Disturbing childhoods have always provided great material for comedy. While writing my memoir, The Girl with the Black and Blue Doll, A Not-Very-Depressing Memoir of Childhood Depression, I had to pull up dozens of those tragicomic scenes. Wanna know my Top 3?
3. One Christmas, Mummy buys Daddy the ultimate hot new gift, an 8mm Brownie movie camera. After we kids have opened our gifts, she brings it to him in bed (since he never participated in Christmas) and we stand behind her eagerly anticipating his response. What follows is an ominous crack on the wall across from his bed as Daddy propels the camera with a pass Tom Brady would have envied. I was 7.
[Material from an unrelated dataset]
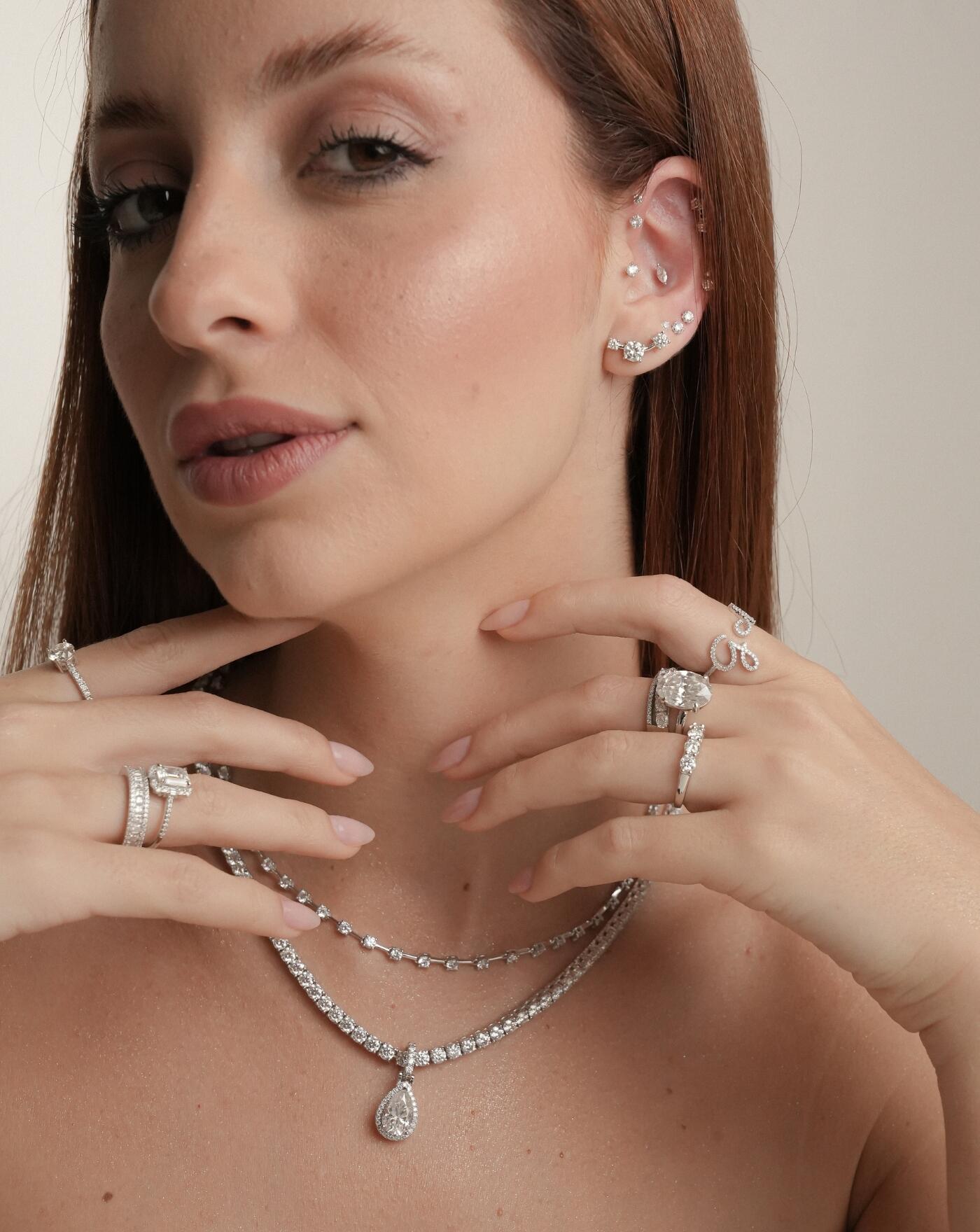 Anel de Prata Solitário Oval Hailey Moissanite 8ct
2. At age 8, I’m finally going to have my first birthday party, on the lawn in front of our farmhouse, and everything is perfect—right down to the monarch butterflies fluttering through my grandmother’s perennial beds. That is, until my grandfather enters the scene, stumbling amidst the guests, raving mad and accusing my mother of dropping me and my siblings off at a movie theater so she can drink in bars. The guests run to their vehicles and flee.
1. Daddy’s ’49 Plymouth coupe—with 9-year-old me in the back seat—loses its breaks on the steepest hill in Worcester, Massachusetts, the one heading down Route 9 to Shrewsbury with the heaviest traffic in the city on Saturday mornings. And guess what? It’s all my fault. I was a jinx.
I wish I could say this is fiction, but—hey—I survived. LOL.
Yes. LOL. Laughing Out Loud!
Once you survive the tragedy, you have to celebrate the comedy.
In writing my memoir, I was careful to make it uplifting. We’re told to give the readers a protagonist to root for. At the end, I checked off the chapters in a spreadsheet, marking each one as either “happy” or “sad”. I was pleased to see that my memoir’s content was equally divided between the up and down moments.
The “sad” scenes were more like WTF scenes, and that’s good. We all have to have something to motivate us in life, right?
I would have preferred a few more happy chapters, but, all in all, it makes good comedy. If this writer gig doesn’t work out, I can always try stand-up.